Le suddette deroghe sono correlate a fattori come la causa del degrado della risorsa idrica, i risultati dei controlli effettuati negli ultimi tre anni, l'area geografica, la quantità di acqua fornita ogni giorno, la popolazione interessata e gli eventuali effetti sulle industrie alimentari interessate, un opportuno programma di controllo che preveda, se necessario, una maggiore frequenza dei controlli rispetto a quelli minimi previsti, il piano relativo alla necessaria azione correttiva, compreso un calendario dei lavori, una stima dei costi, la relativa copertura finanziaria e le disposizioni per il riesame. In ogni caso, le deroghe devono avere la durata più breve possibile.
Sei mesi prima della scadenza di tale periodo (inferiore a tre anni) la regione o la provincia autonoma trasmette al Ministero della sanità una circostanziata relazione sui risultati conseguiti nel periodo di deroga, in ordine alla qualità delle acque, comunicando e documentando altresì l'eventuale necessità di un ulteriore periodo di deroga.

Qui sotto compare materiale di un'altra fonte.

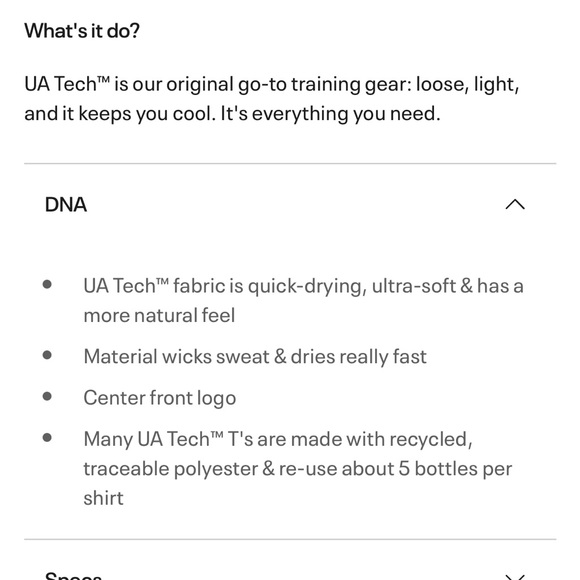 Women’s Under Armour Locker Tshirt Short Sleeve - Picture 2 of 9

Il Ministero della sanità, con decreto da adottare di concerto con il Ministero dell'ambiente, valutata la documentazione pervenuta, stabilisce un valore massimo ammissibile per l'ulteriore periodo di deroga che potrà essere concesso dalla Regione.
Tale periodo non dovrà, comunque, avere durata superiore ai tre anni. Sei mesi prima della scadenza dell'ulteriore periodo di deroga, la regione o provincia autonoma trasmette al Ministero della sanità un'aggiornata e circostanziata relazione sui risultati conseguiti.
Qualora, per circostanze eccezionali, non sia stato possibile dare completa attuazione ai provvedimenti necessari per ripristinare la qualità dell'acqua, la regione o la provincia autonoma documenta adeguatamente la necessità di un ulteriore periodo di deroga.
Il Ministero della sanità con decreto di concerto con il Ministero dell'ambiente, valutata la documentazione pervenuta, previa acquisizione del parere favorevole della Commissione europea, stabilisce un valore massimo ammissibile per l'ulteriore periodo di deroga che non deve essere superiore a tre anni.